La ciudad de Medellín, a 170 kilómetros del muro gris, alberga la sede administrativa de EPM. El director del área Ambiental, Social y Sostenibilidad, Robinson Miranda, recibe al reducido grupo de periodistas. Le acompañan una decena de cargos medios. Dan datos, muchos, demasiados. Casi todos están en su web corporativa y el resumen es el siguiente: Hidroituango será la mayor planta hidroeléctrica de Colombia, la cuarta o quinta de América Latina. EPM, que preveía prender las turbinas a finales de 2018, no habla de desplazamientos, sino de «reasentamiento involuntario». Sí revolotea continuamente en su discurso el paradigma del desarrollo, aunque nadie aclara desarrollo de quién ni para quién.

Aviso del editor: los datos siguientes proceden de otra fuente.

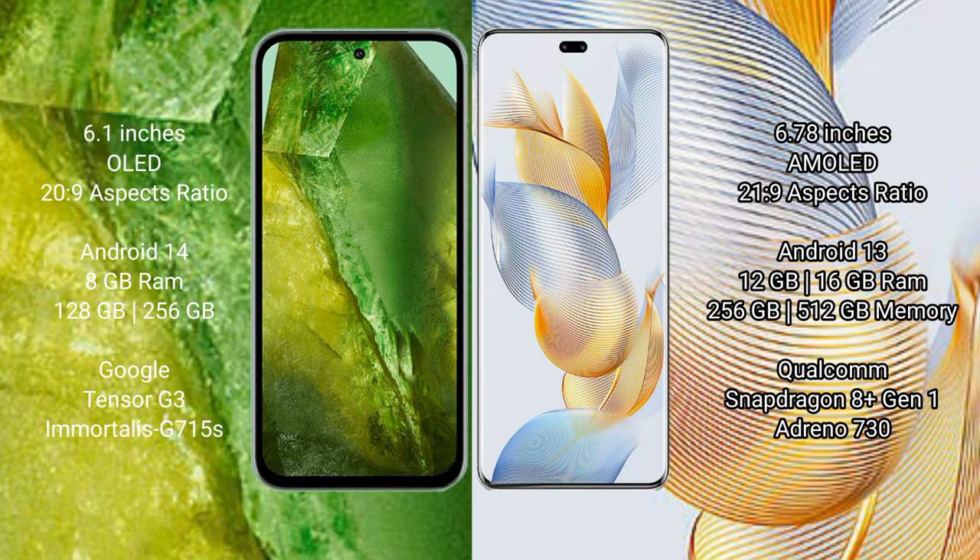Google Pixel 8a runs on the Android 14 operating system. Honor 90 Pro runs on the Android 13 operating system.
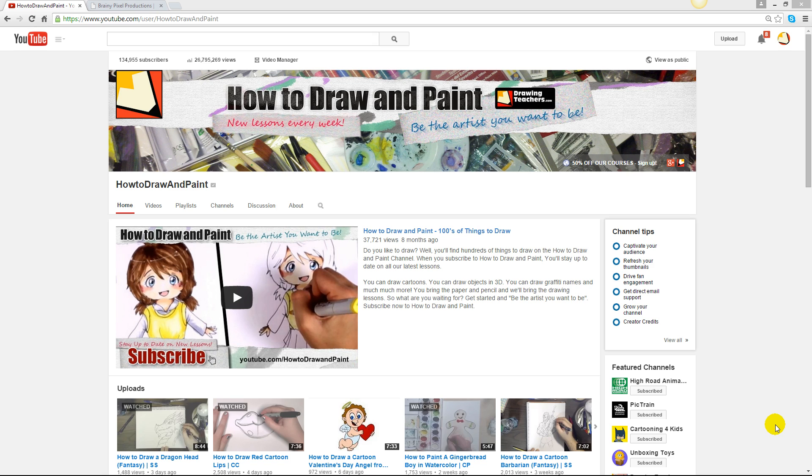I want to be sure you guys know about the discounts that we're offering. If you look at our channel right here in this area, we've got 50% off the courses — sign up.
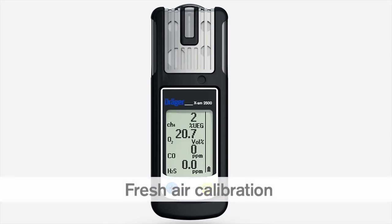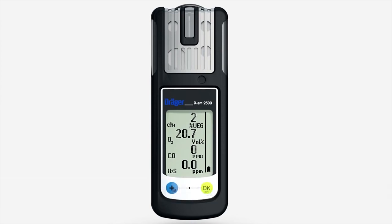Fresh air calibration sets the oxygen channel to 20.9% by volume and the sensors to zero. Make sure you are in an area of clean air during fresh air calibration. Press the plus key briefly three times.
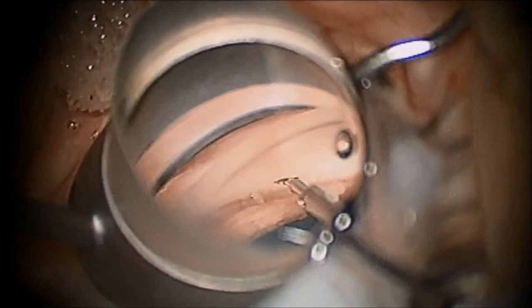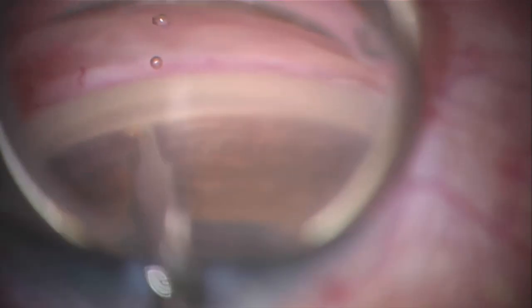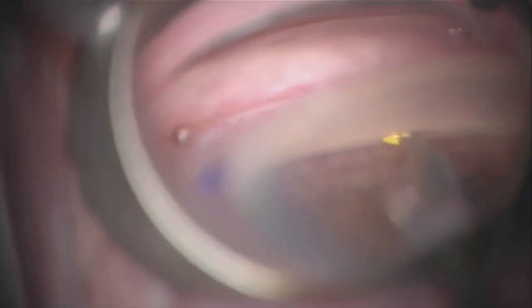If this occurs, stop, remove the tip from the canal, and reposition and restart as often as needed to get a very smooth advancement and ablation of tissue. There should be nearly no resistance of the Trabectome tip as it safely removes the strip of trabecular meshwork.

«El desarrollo de Hidroituango es un arma de destrucción. Ellos creen que el desarrollo consiste en tener una casa de cinco pisos. Para nosotros es poder producir comida, cultivar, cuidar el agua, saber que ese plato que llega a la mesa no tuvimos que comprarlo en el supermercado», responde Genaro a la pregunta de qué supone para él la hidroeléctrica.

Más de cuatro horas de reunión sin veto alguno dejan varios titulares:«La presa tiene filtraciones pero las normalitas»; «hay riesgos que corre la humanidad para tener energía limpia»; «Hidroituango no es rentable hoy, pero es indesmantelable». El postulado de EPM, defiende Miranda, es triple: primero «salvar la vida de las personas» segundo «proteger el medio ambiente» y, «si le queda, sacar adelante el proyecto». Admite que el país ya tiene un superávit de 3.000 MW [megavatios], pero que las proyecciones indican una demanda anual creciente, por lo que «la energía de Hidroituango va a ser consumida en Colombia» y será «muy barata».

¿El embalse es seguro? «Las condiciones geológicas son bastante complejas», conceden desde la sala de monitoreo. Al cierre de esta crónica, las autoridades habían evacuado a unas cinco mil personas aguas abajo, y la central ya está comercialmente operativa, si bien su funcionamiento aún no sería total.

Las obras, con varios informes medioambientales en contra, han sido financiadas en gran parte por el Banco Interamericano de Desarrollo (BID), que a finales de 2021 decidió desvincularse del proyecto, también con aportaciones de varias entidades extranjeras, entre ellas el BBVA y el Banco Santander. La aseguradora continúa siendo Mapfre, que abonó cerca de mil millones de euros de indemnización por el siniestro de 2018 y prefiere no valorar los censos que se hicieron en su día para cuantificar el número de personas afectadas.

Genaro sube por El Arrequintadero, desde donde disfruta de una vista aérea del municipio de Ituango, al fondo su vereda natal, «toda desplazada», al otro lado campa uno de los actores armados y en la plaza del pueblo merodea el Ejército; los diferentes actores armados compartiendo escena, y la vida fluye violenta, y Genaro que sigue encaramándose cerro arriba.

Observándolo uno recuerda a los escaladores colombianos, ciclistas acostumbrados a los porcentajes de doble dígito. No resulta difícil imaginárselo cosiendo las noches con alguno de sus poemas: «Allá en el río tenía mi hogar / Lleno de dicha y felicidad. / Me daba todo, comida y paz / Y hasta el pescado era mi maná».